Entries provided below:

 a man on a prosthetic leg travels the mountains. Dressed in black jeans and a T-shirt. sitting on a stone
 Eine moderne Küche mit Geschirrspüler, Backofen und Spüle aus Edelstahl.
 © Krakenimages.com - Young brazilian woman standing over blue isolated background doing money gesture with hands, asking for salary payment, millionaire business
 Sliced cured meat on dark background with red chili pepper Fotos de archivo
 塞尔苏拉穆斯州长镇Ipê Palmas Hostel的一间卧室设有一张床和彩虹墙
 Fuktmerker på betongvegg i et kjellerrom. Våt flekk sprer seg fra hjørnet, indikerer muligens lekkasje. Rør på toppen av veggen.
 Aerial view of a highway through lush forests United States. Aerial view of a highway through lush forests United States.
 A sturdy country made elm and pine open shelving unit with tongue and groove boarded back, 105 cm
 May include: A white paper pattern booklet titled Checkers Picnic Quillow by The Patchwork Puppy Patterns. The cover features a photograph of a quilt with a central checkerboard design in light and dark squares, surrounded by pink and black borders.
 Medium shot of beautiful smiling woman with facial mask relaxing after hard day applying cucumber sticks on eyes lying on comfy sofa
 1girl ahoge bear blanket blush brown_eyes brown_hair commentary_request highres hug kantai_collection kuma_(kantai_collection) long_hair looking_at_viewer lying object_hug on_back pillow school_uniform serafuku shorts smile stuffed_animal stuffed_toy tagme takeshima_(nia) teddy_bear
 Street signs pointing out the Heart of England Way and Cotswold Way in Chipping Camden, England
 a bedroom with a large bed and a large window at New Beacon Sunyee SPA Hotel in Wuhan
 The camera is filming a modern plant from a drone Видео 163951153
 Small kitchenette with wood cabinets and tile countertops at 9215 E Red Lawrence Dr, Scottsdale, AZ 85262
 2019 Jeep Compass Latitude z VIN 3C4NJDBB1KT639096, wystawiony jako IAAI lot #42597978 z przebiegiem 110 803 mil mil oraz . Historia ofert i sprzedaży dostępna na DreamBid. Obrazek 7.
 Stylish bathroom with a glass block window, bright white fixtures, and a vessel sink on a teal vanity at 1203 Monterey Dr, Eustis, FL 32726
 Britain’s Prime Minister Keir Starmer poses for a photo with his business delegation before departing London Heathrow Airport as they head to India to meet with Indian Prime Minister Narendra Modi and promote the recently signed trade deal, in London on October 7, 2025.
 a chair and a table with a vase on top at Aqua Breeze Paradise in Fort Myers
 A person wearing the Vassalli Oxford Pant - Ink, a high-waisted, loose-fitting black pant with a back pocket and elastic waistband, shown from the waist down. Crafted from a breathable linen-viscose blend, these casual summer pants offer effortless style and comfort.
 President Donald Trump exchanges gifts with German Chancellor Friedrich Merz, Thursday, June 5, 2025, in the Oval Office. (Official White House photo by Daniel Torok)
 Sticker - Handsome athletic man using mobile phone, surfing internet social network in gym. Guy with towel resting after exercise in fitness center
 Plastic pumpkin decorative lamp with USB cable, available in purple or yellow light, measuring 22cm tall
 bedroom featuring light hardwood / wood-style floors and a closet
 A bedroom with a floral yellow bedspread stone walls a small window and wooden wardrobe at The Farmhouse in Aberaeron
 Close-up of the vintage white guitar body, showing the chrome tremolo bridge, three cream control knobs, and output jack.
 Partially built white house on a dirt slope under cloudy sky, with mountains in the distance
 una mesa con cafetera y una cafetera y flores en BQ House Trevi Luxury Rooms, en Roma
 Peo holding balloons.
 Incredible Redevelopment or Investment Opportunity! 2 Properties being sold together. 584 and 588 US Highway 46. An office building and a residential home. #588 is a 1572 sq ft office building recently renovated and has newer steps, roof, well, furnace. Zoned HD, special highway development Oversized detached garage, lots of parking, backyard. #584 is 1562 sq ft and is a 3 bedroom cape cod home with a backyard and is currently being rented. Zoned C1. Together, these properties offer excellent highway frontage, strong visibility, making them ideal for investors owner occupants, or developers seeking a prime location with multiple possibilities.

End of Entries provided.

▶ [What you need to do]: Check every line of the listing above for the string "window", and give the number of lines that have it, nothing more.

▶ [Solution below]: 3